IMAGE: Dario Robleto, At War With the Entropy of Nature / Ghosts Don’t Always Want to Come Back (detail), 2002. Cassette: carved bone and bone dust from every bone in the body, trinitite, (glass produced during the first atomic test explosion, circa 1945 from Trinity test site, when heat from blast melted surrounding sand), metal screws, rust, typeset. Audio tape: an original composition of military drum marches, various weapon fire and soldiers’ voices from battlefields of various wars made from E.V.P. recordings (Electronic Voice Phenomena: voices and sounds of the dead or past, detected through magnetic audiotape)
Forbes is totally on board with the Wu-Tang Clan’s plan to release just one copy of its next album–and with the art-market strategies behind the move:
Like the work of a master Impressionist, it will truly be one-of-a-kind—-in lieu of a traditional major label or independent launch, the iconic hip-hop collective will make and sell just one copy of the album. And similar to a Monet or a Degas, the price tag will be a multimillion-dollar figure.
“We’re about to sell an album like nobody else sold it before,” says Robert “RZA” Diggs, the first Wu-Tang member to speak on record about Once Upon A Time In Shaolin, in an exclusive interview with FORBES. “We’re about to put out a piece of art like nobody else has done in the history of [modern] music. We’re making a single-sale collector’s item. This is like somebody having the scepter of an Egyptian king.” …
As an interesting response to current music-industry conditions, and as an assertion of the artistic value of Wu-Tang’s music, I have no problem with the tactic. Here’s where I do have a problem:
According to RZA and the album’s main producer Tarik “Cilvaringz” Azzougarh, a Morocco-based part of Wu-Tang’s extended family, the plan is to first take Once Upon A Time In Shaolin on a “tour” through museums, galleries, festivals and the like. Just like a high-profile exhibit at a major institution, there will be a cost to attend, likely in the $30-$50 range.
Visitors will go through heavy security to ensure that recording devices aren’t smuggled in; as an extra precaution, they’ll likely have to listen to the 128-minute album’s 31 songs on headphones provided by the venue. As Cilvaringz puts it: “One leak of this thing nullifies the entire concept.”
Though no exhibition dates have been finalized, Cilvaringz says Wu-Tang has been in discussions with a bevy of possible locations, including the Tate Modern (a representative from the institution did not respond to a request for comment). Other venues, including art galleries and listening tents at music festivals, could eventually round out the tour. (emphasis added)

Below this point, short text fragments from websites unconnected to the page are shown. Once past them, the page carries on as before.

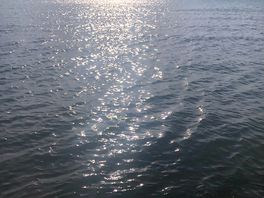 Mare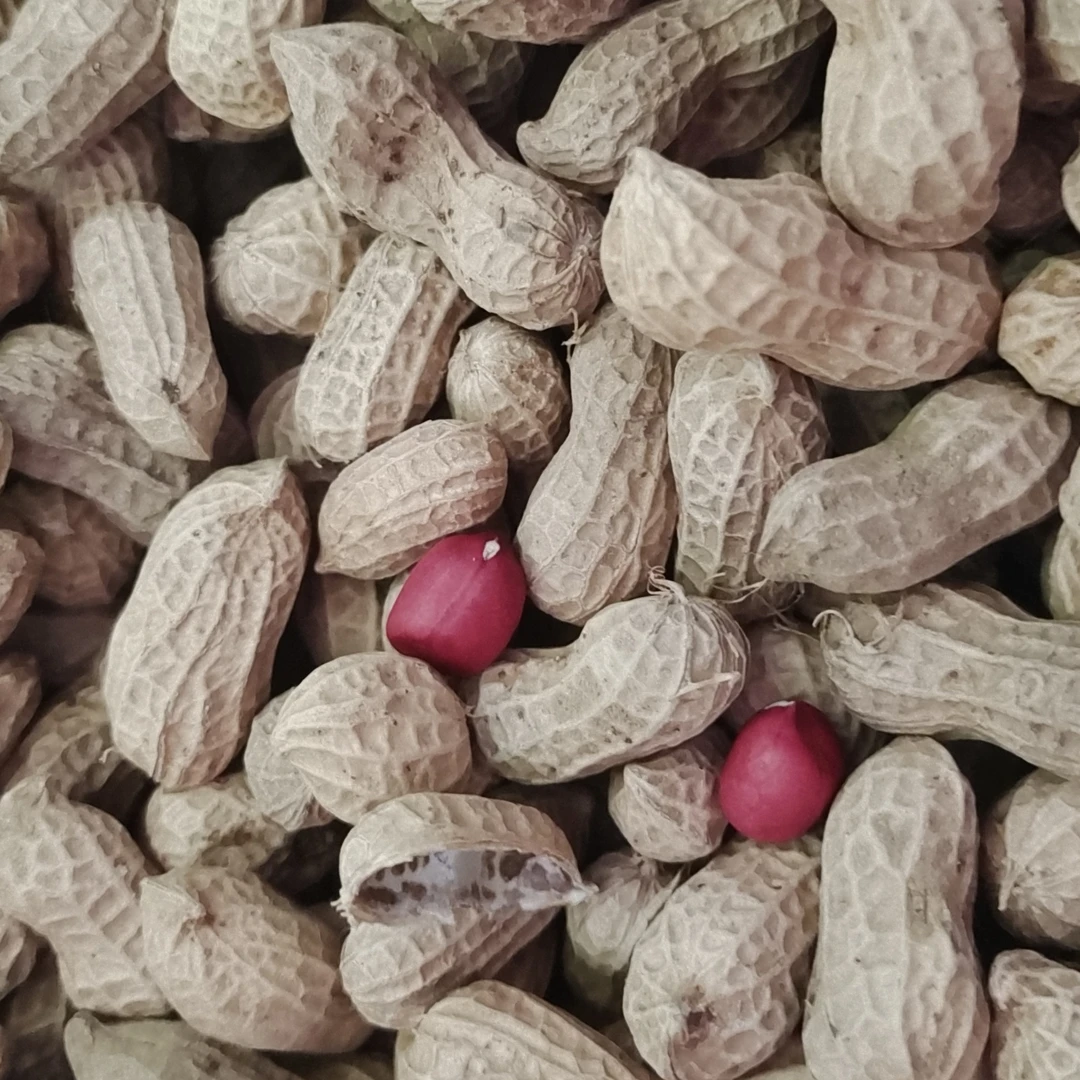 农村本地花生红花生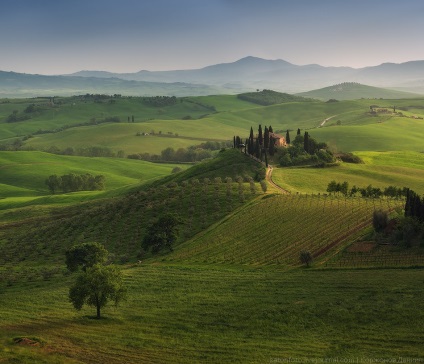 Primăvara Toscana, știri despre fotografii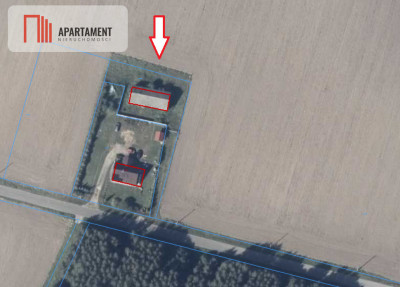 Działka rolna zabudowana    Babięty Wielkie - Babięty Wielkie  -
Warmińsko-Mazurskie Zdjęcie nr 6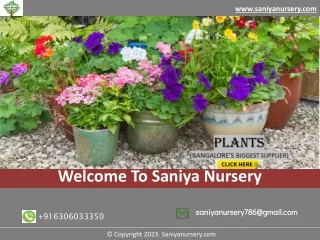 Best Plant Nursery In Bangalore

I wonder if any Texas art museums are among the “bevy of possible locations.” If so, they should encourage Wu-Tang to go the festival-tent route instead. My problem isn’t with the musicians’ desire to have their work considered in a museum setting; it’s with their desire to charge museumgoers even more than they’d pay to see the priciest Impressionist shows. And with their plan to impose more security restrictions than visitors face to spend time with masterpieces hundreds, even thousands of years old, and to put museums in the position of policing the band’s copyright. Which, if you think about it, undermines the band’s claim to the singularity of this release. If someone surreptitiously snaps a photo of a Pollock, that hardly “nullifies the entire concept.” Dario Robleto let Yo La Tengo use an image of his sculpture At War With the Entropy of Nature / Ghosts Don’t Always Want to Come Back (2002) on one of their album covers. Does that nullify the entire concept of his sculpture, or its value as an original artwork?
“The idea that music is art has been something we advocated for years,” RZA says in the Forbes story. “And yet its doesn’t receive the same treatment as art in the sense of the value of what it is, especially nowadays when it’s been devalued and diminished to almost the point that it has to be given away for free.”
Ah, but museums like the Menil Collection, Kimbell Art Museum, the Dallas Museum of Art, etc., are the places where we demonstrate the value of art precisely by giving away the chance to experience it in person. Even museums that have maintained the unfortunate practice of charging admission have free days, and their most high-priced special exhibitions are still more affordable that what Wu-Tang wants to charge. If Wu-Tang doesn’t value its art enough to give it away, a museum is the last place this tour should stop. Museum directors should take their cue on this one from Saint Anthony Abbot in Fra Angelico’s painting at the Museum of Fine Arts, Houston and shun whatever mass of gold Wu-Tang offers them. I’d recommend standing in front of the actual painting for inspiration, but it’s not on view. The MFAH removed it, along with most of its pre-1800 European collection, to make way for a $23-a-head Impressionist show.